Pointwise image formation models appear in a variety of computational vision and photography problems. Prior studies aim to recover visibility or reflectance under the effects of specular or indirect reflections, additive scattering, radiance attenuation in haze and flash, etc. This work considers bounds to recovery from pointwise degradation. The analysis uses a physical model for the acquired signal and noise, and also accounts for potential post-acquisition noise filtering. Linear-systems analysis yields an effective cutoff-frequency, which is induced by noise, despite having no optical blur in the imaging model. We apply this analysis to hazy images. The result is a tool that assesses the ability to recover (within a desirable success rate) an object or feature having a certain size, distance from the camera, and radiance difference from its nearby background, per attenuation coefficient of the medium. The bounds rely on the camera specifications. The theory considers the pointwise degradation that exists in the scene during acquisition, which fundamentally limits recovery, even if the parameters of an algorithm are perfectly set.
逐点降解中的恢复限制
点图像形成模型出现在各种计算视觉和摄影问题中。
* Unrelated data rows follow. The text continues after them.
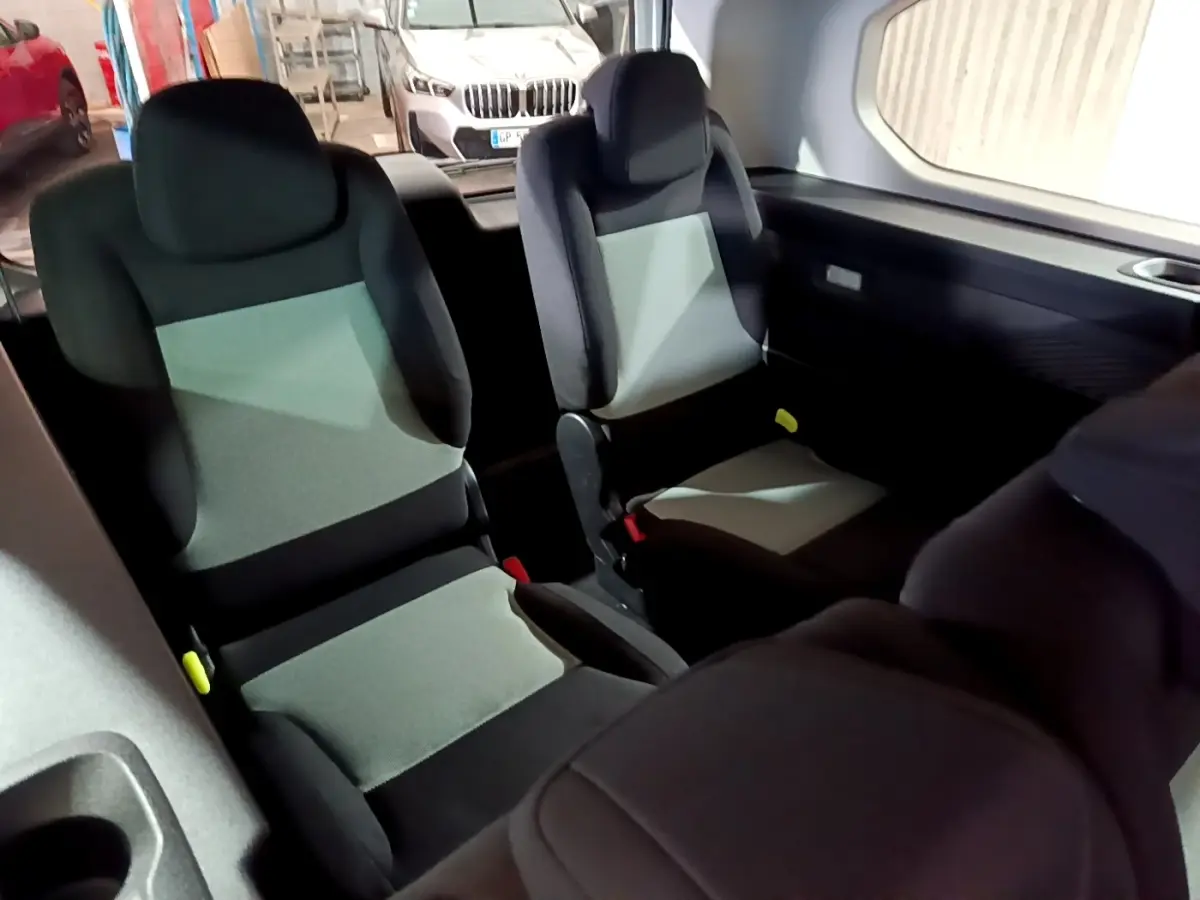 Vue intérieure arrière montrant les sièges passagers noirs et gris du Citroën Berlingo XL 2019.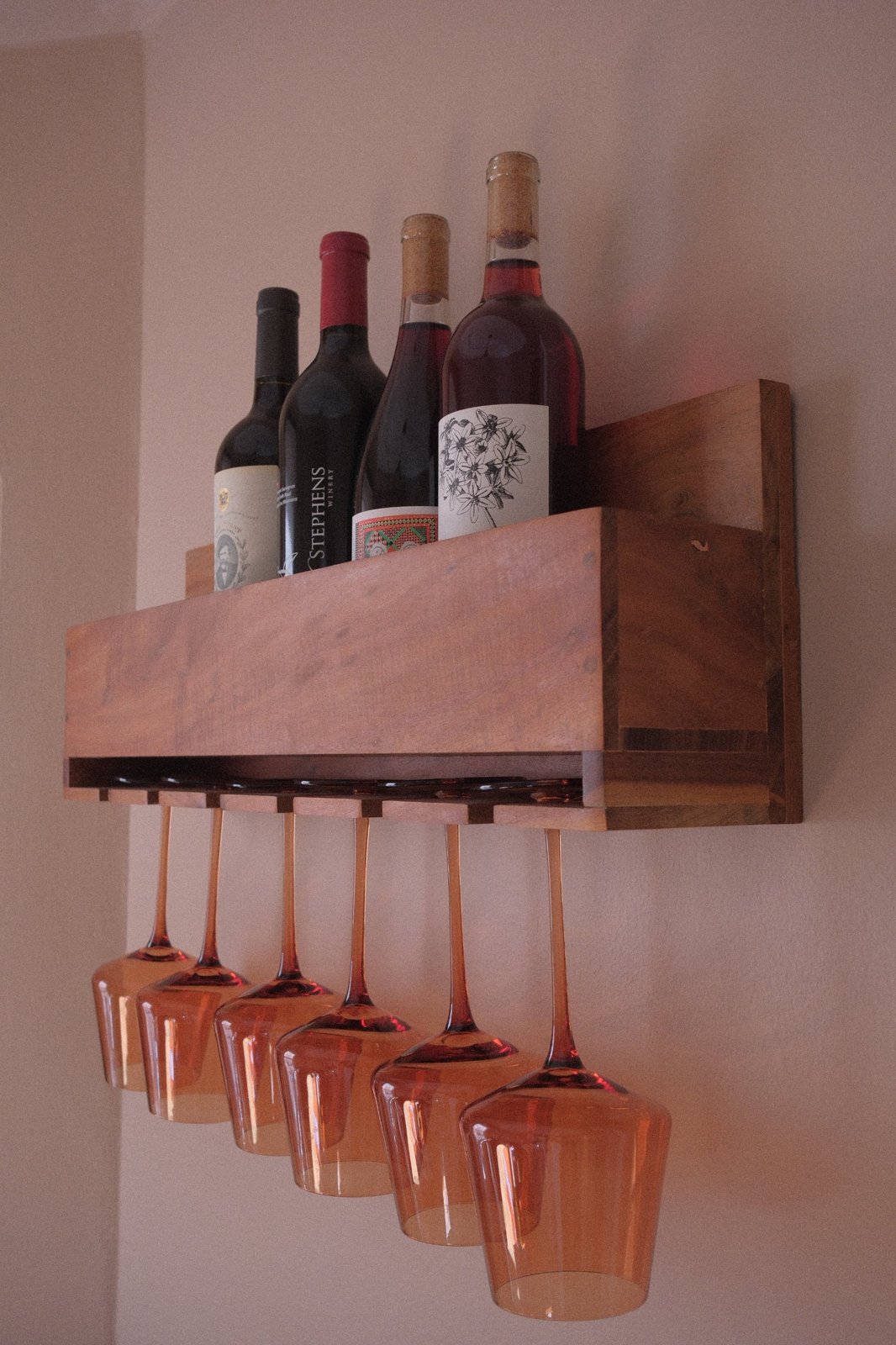 Wooden wine rack with four bottles and six amber stemmed glasses hanging below
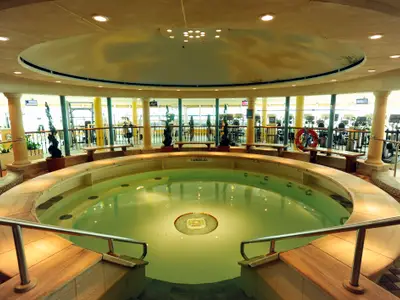 Blick auf den runden Innenpool und angrenzenden Fitnessbereich auf der Mariner of the Seas. Um den Pool verläuft eine Sitzbank. Im Hintergrund sind Fitnessgeräte und Fenster sichtbar.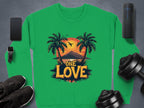 A green sweatshirt by Garment Graphics, featuring palm trees, a sunset, and One Love at the center, is displayed alongside a smartphone, smartwatch, speaker, dumbbells, and black sneakers.
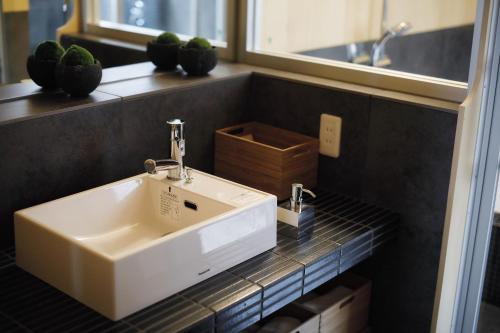 a bathroom with a white sink on a tiled counter at No.10 Kyoto House in Kyoto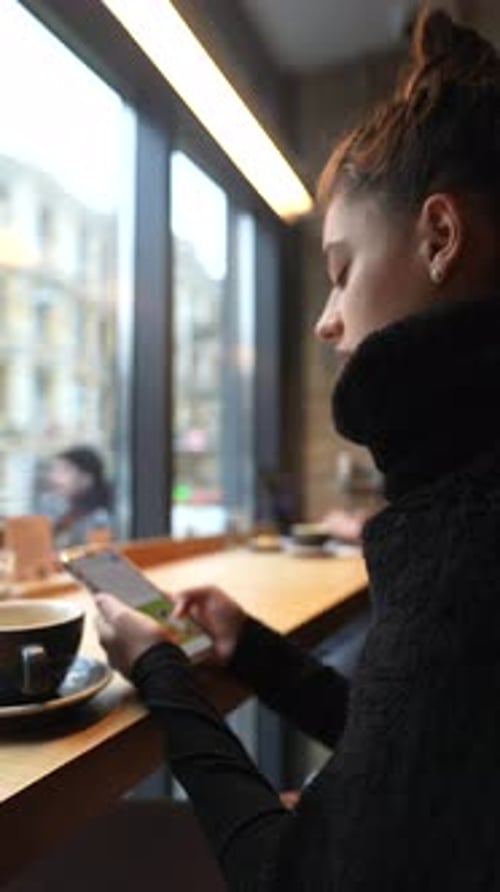 Close Up Portrait of Young Beautiful Girl Drinking Coffee with Smartphone in Hands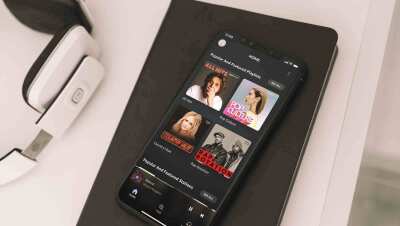 Amazon Music app on an iPhone X displayed on a notebook next to a pair of headphones.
先前的研究旨在恢复在镜面反射或间接反射、加性散射、雾霾和闪光下的辐射衰减等作用下的能见度或反射率。这项工作考虑了从点退化中恢复的界限。该分析使用了采集信号和噪声的物理模型,并考虑了潜在的采集后噪声滤波。线性系统分析产生一个有效的截止频率,这是由噪声引起的,尽管在成像模型中没有光学模糊。我们将这种分析应用于模糊图像。结果是一个工具,可以评估恢复具有一定尺寸的物体或特征(在理想的成功率范围内),与相机的距离,以及与附近背景的辐射差异,每个介质的衰减系数。边界依赖于相机规格。该理论考虑了采集过程中场景中存在的逐点退化,这从根本上限制了恢复,即使算法的参数是完美设置的。
本文章由计算机程序翻译,如有差异,请以英文原文为准。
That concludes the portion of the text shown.